Introduction: return to work is a challenging task among work-active stroke survivors, which has been widely analyzed, but few data has been collected regarding the performance quality compared to previous state before stroke.
Hypothesis: work performance after stroke is not only determined by the probability of being active in daily job activities, but also in the ability to recover different cognitive and motor areas to perform tasks as previous.
Methods: we developed a 15-item survey (work performance questionnaire [WPQ]) for stroke survivors who returned to work, and applied the instrument on those who had more than 3 months in their work activity; patients were selected from the INNN-stroke database, with demographic and epidemiological characteristics collected on each patient. The survey evaluated 11-different domains (language, memory, attention, planning, calculus, writing, motor skills, gait, visual, mood and self-perception). Points were assigned according to 4 categories: high (0-5 points), good (6-15 points), moderate (16-29 points) and low performance (30-45 points). Internal consistency, test-retest reliability, item-scale correlation and factor analysis were conducted.

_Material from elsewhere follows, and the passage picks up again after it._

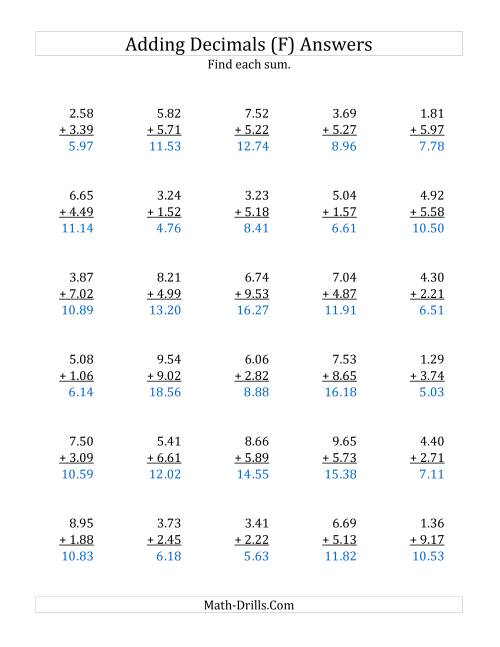 Adding Decimal Hundredths with 1 Digit Before the Decimal ...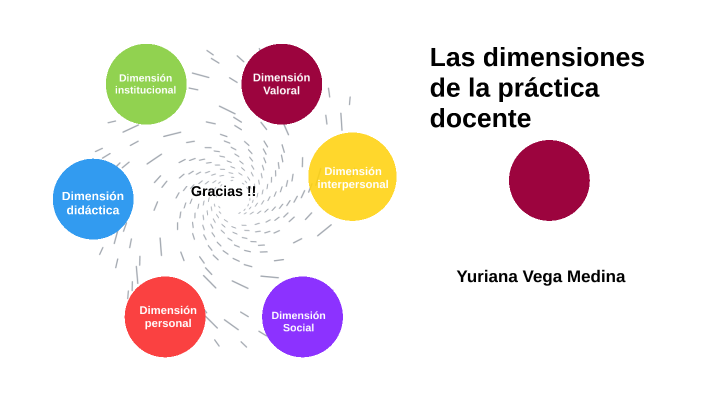 LAS DIMENSIONES DE LA PRACTICA DOCENTE by Yuriana Vega on Prezi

Results: A total of 100 ischemic stroke survivors were recruited (51% female patients, median age 42 years [IQR 34.5-54.5 years]); median time after returning to work was 4 months (IQR 2-7 months), with 39 patients decreasing the work-schedule to part time job, and 100% of subjects keeping the same work activity than previous to the index stroke. Work performance after stroke was high in 16% cases, good in 58% cases, moderate in 24% cases, and low in 2 cases. Chronbach’s alpha coefficient was 0.75 for the scale. Kaiser-Meyer-Olkin measure of sampling adequacy was 0.72 (p<0.001). The test-retest reliability, as estimated by the intraclass correlation coefficients was good. Memory, Language and Attention explained 59.7% of the variance of the questionnaire at the extraction analysis.
Conclusions: The WPQ-INNN is a reliable and valid tool for assessment of performance quality in stroke survivors who returned to work, with the highest prediction ability based on memory, language and attention. This instrument should be validated in prospective studies.